Innovation and disruption are possibly the overarching objectives of digital culture. Successful digital companies are known more for their almost cultural predisposition to innovate and disrupt existing industries and markets. They are typically characterized by enterprise-wide capabilities for innovation built on a strong foundation of digital technologies. But innovation and disruption have not always been a core purpose of conventional organizational culture. Most traditional companies were perfectly satisfied to focus on incremental improvements on their core products rather than pursue ambitious programs for reinvention. Disruption was something that even large companies like IBM and Lockheed Martin preferred to spin-off into independent culturally and procedurally air-gapped skunkworks programs.
But in digital culture, innovation is the core purpose of every enterprise. The digital economy has completely redefined the metrics of competitive advantage Like many erstwhile category leaders have since discovered, incremental improvements in product and service offerings are nowhere as nearly adequate to remain competitive. But according to the Capgemini research, only seven percent of companies surveyed could be deemed to have a culture of innovation. Here again, senior management was almost twice as likely to have a rose-tinted view of a company’s innovation culture than its employees.
An organization’s innovation quotient is quite distinct from its technological aptitude. The ability to innovate is driven more by the decision-making structures, the risk appetite, and the tolerance for failure than the company’s handle on digital technologies. For instance, the much-touted “fail fast, fail often” philosophy of the digital economy would not have had so much as a look-in in the risk-averse conservative cultural construct of the traditional enterprise. But innovation is the central tenet of corporate and business strategy today.

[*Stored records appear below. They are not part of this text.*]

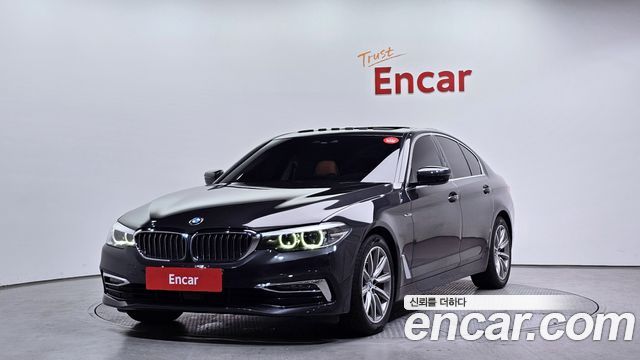 BMW 5-Series 520i Luxury
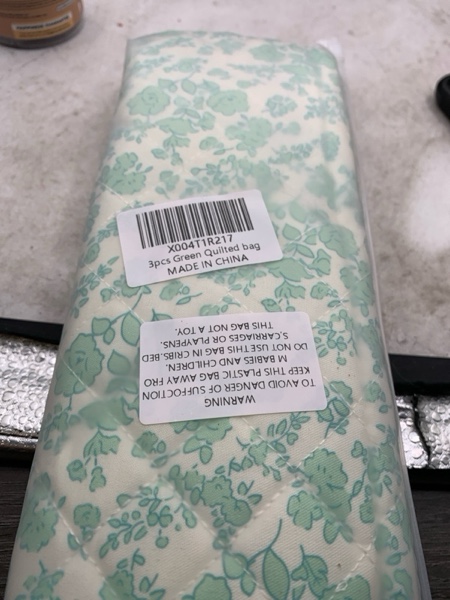 Condition photo showing New/Like New for 3 Piece Green Quilted Floral Makeup Bag Set Small Cosmetic Bag For Women Cute Cotton Makeup Pouch For Purse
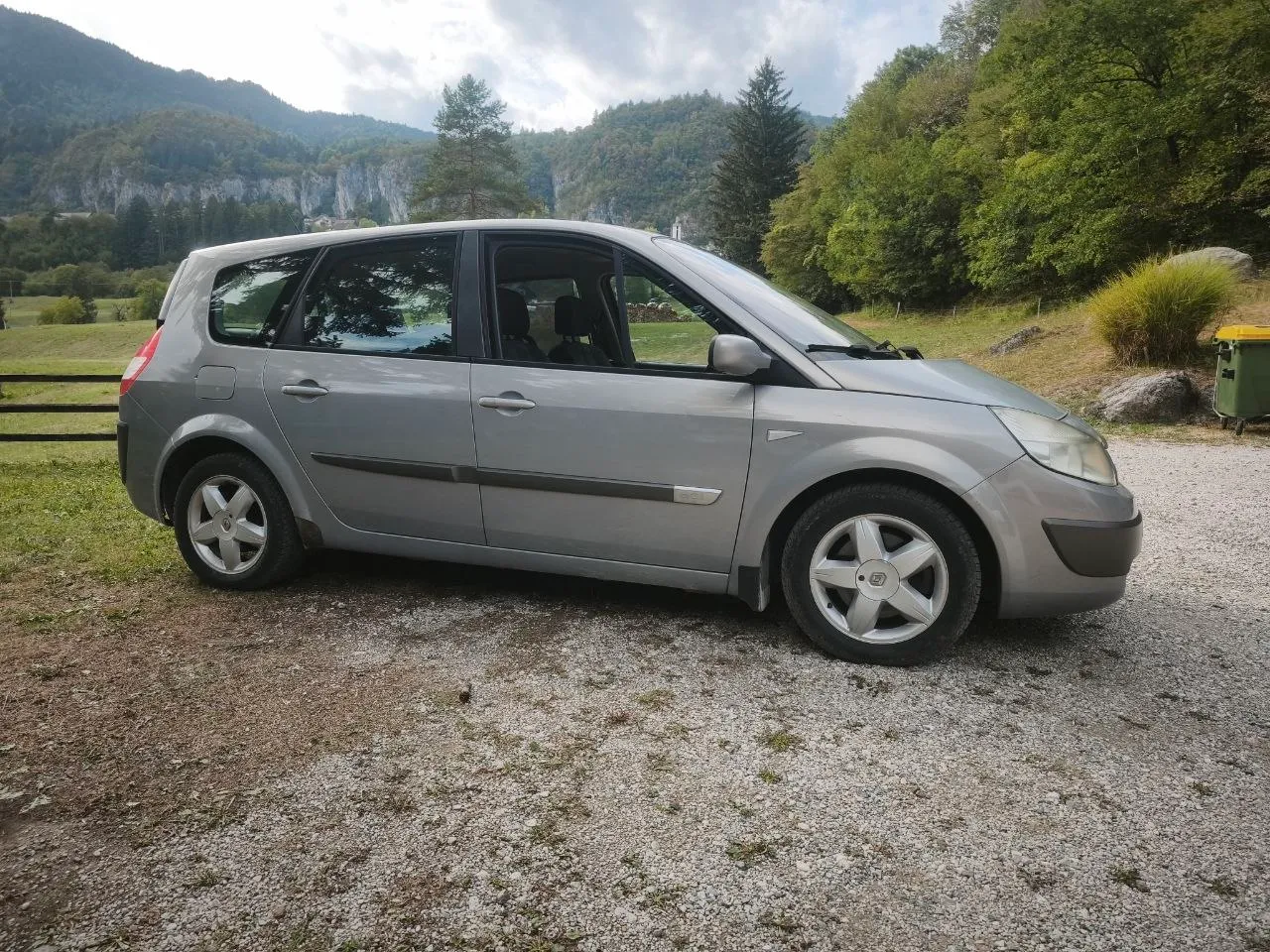 Zunanja slika - Renault Scénic - 1,5 dCi Dynamique Confort - 8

So, an enterprise-centric and pervasive innovation culture will be central to a company’s ability to extract the maximum potential from disruptive technologies. Cultural transformation, therefore, will have to progress hand in hand with digital transformation in order to obtain the best business outcomes over the long term.
Collaboration is another key cornerstone of any successful innovation strategy. Innovation within the enterprise is not a department or function; it is an inclusive social process for collective and collaborative ideation and problem-solving. Over the past few years, technology has significantly opened up the possibilities of collaboration, with several open-sourcing models expanding the scope of innovation beyond enterprise borders. But here again, research reveals a disconnect between executives and employees on their company’s approach to collaboration. Just over 40 percent of employees perceive their organizations as stewards of collaboration as compared to 85 percent of top executives.
A culture of collaboration is critical for continuous innovation. An organization in tune with the potential of collaboration will be able to respond quickly to any opportunity by creating interdisciplinary teams that span functions, geographies, and organizational boundaries. The C-suite enthusiasm for collaboration is palpable. But the challenge is to channel it into creating the frameworks and structures required to cultivate a culture of collaboration.
Innovation has become an enterprise priority for business leaders across sectors and markets. Continuous innovation has become the imperative that will enable sustainable competitive advantage in a marketplace where the metrics of success are constantly shifting. But a unidimensional focus on digital technologies will not be enough to compete in this digital economy. Companies need to also focus on creating the cultural capacity to reimagine the game-changing possibilities of emerging technologies and to deliver innovations that increase the value for all stakeholders.